I had a thought this morning. Back in the day I used to filter ads at the DNS level by running a caching name server and feeding it a zone file drawn from a list of dodgy ad sites. This list is published with this in mind, but is in the format of an /etc/hosts file. A little tweaking and it serves nicely as zone file usable by BIND.
Having been thinking about the topic of ISP-level internet filtering a great deal of late, I'd been wondering how to reverse engineer the block lists, and this morning I remembered the existence of this hosts file.. BT censor internet domains by returning an A record pointing to a webserver which redirects to their 'blocked' page, so why not feed the list of hosts contained therein to BT's name servers and grep for responses indicating the site is blocked?
A line of code later...
for i in `grep ^0 hosts.txt | awk '{print $2}'`;
do host -t a $i |grep 213.120.234.1[40][69] > blocked.txt ;
done && awk '{print $1}' blocked.txt | sort -u > blocked-hosts.txt
No error checking, but this is quick n dirty proof of concept... We run this three times, having adjusted the level of filtering between each run.
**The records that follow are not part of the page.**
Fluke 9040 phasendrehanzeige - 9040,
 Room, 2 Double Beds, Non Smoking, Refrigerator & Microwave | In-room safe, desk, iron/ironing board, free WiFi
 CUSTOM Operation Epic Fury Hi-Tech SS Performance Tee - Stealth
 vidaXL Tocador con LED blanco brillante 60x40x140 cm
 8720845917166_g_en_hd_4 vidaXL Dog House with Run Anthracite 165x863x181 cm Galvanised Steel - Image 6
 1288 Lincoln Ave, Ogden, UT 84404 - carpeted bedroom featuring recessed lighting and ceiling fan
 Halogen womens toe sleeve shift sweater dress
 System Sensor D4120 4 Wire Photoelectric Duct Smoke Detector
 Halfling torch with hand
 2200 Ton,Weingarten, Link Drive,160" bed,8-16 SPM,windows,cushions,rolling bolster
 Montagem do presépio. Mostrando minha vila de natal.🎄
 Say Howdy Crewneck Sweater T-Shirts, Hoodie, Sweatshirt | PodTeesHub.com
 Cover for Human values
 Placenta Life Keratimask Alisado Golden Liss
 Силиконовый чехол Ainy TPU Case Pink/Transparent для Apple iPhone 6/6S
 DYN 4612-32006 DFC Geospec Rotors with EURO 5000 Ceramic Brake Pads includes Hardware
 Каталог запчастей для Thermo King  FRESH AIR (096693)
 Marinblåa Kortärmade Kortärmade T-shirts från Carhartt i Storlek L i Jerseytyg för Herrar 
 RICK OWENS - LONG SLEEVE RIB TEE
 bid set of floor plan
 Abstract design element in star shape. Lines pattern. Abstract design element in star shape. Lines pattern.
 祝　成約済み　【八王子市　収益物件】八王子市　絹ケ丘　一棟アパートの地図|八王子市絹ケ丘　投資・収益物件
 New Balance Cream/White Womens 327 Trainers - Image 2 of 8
A further addition of a few hundred social networking sites and we have four output files. Diffs against them reveal which hosts are added at each increment in blocking level.
$ wc -l *
1345 blocked-light.hosts.txt
1722 blocked-moderate.hosts.txt
377 blocked-moderate-increment.txt
105 blocked-social-strict.hosts.txt
3096 blocked-strict.hosts.txt
1379 blocked-strict.increment.txt
8024 total
Wow! That's about 3200 domains proven to be blocked, across the varying filter levels... Now, where's that Alexa top million sites list...